## Task directions
Find "Living - 154" in the listing below, then set down only that line and each later line, unchanged, leaving out pictures.

## Record extracts
Content starts

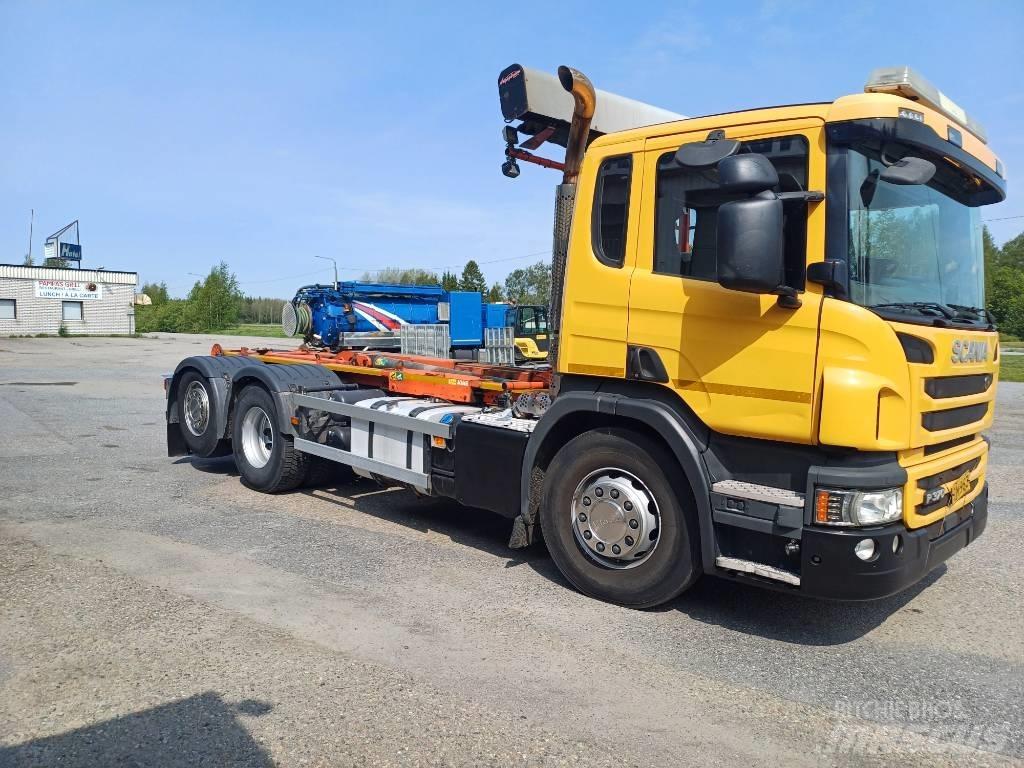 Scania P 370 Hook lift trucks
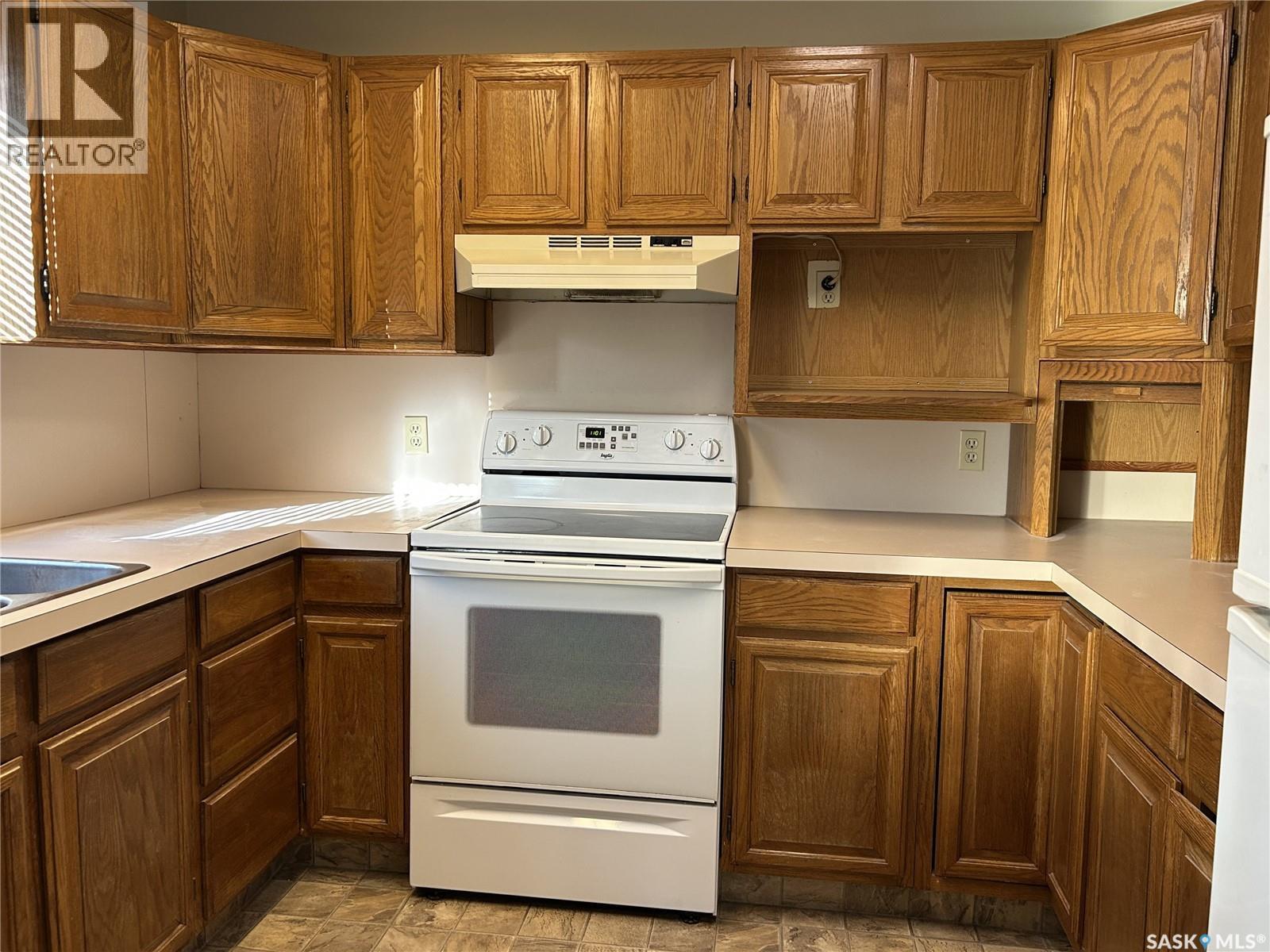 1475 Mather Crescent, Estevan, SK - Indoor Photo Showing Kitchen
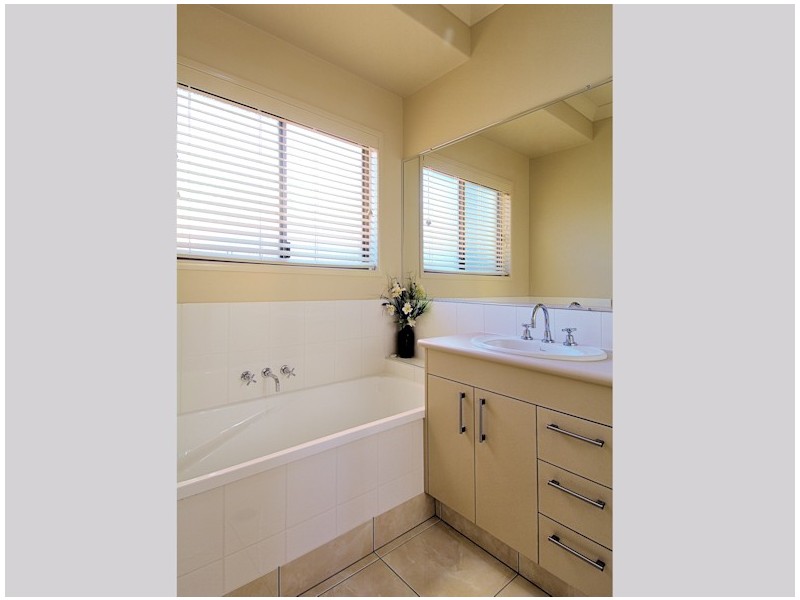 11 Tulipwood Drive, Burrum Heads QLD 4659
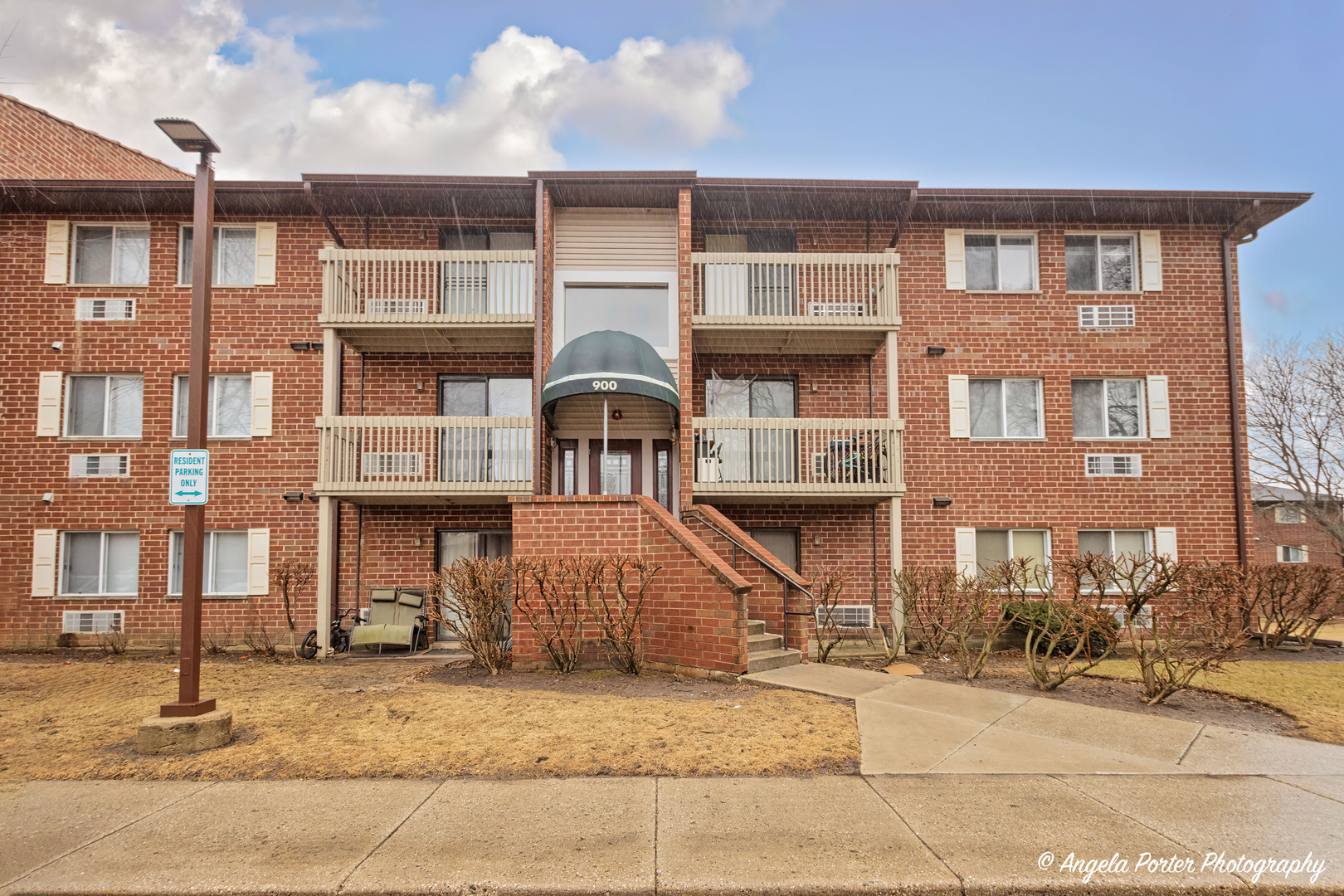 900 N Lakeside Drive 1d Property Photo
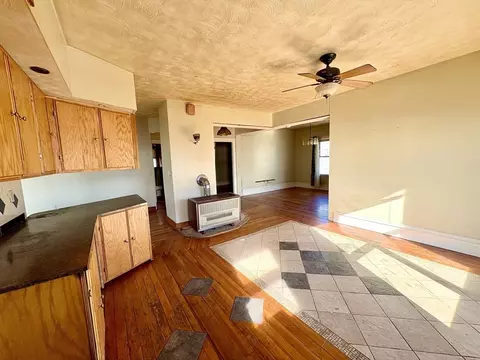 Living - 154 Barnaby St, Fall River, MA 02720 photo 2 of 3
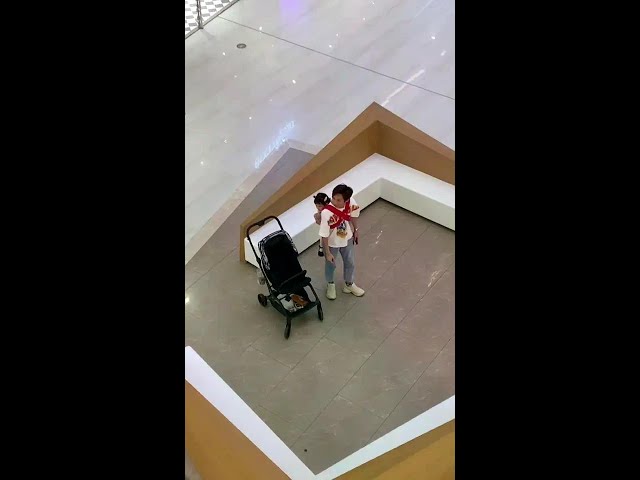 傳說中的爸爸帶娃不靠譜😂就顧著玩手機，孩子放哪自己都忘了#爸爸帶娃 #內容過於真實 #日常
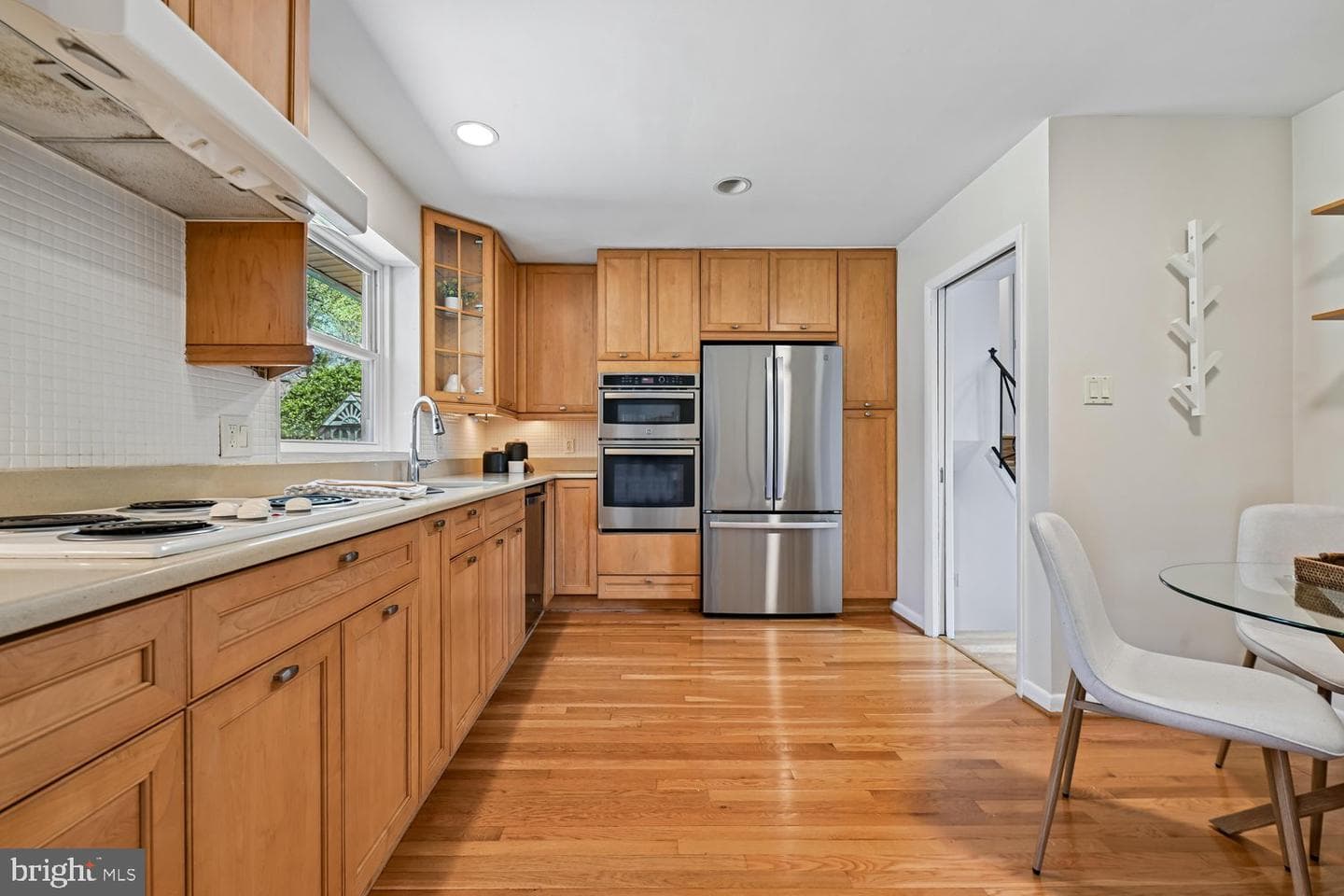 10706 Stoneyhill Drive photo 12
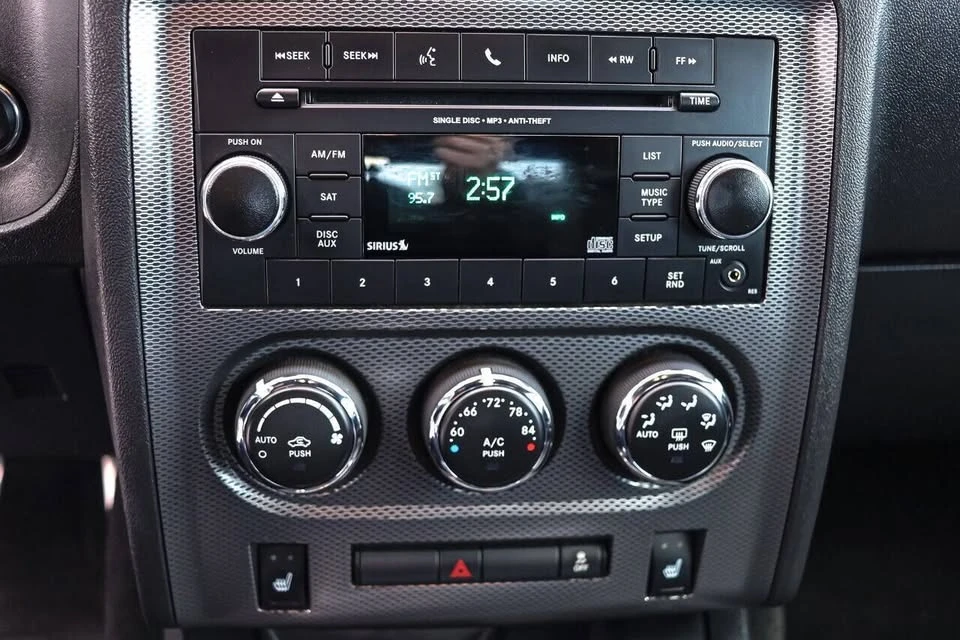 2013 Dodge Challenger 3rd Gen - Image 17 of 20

Content ends

## Answer
 Living - 154 Barnaby St, Fall River, MA 02720 photo 2 of 3
 傳說中的爸爸帶娃不靠譜😂就顧著玩手機，孩子放哪自己都忘了#爸爸帶娃 #內容過於真實 #日常
 10706 Stoneyhill Drive photo 12
 2013 Dodge Challenger 3rd Gen - Image 17 of 20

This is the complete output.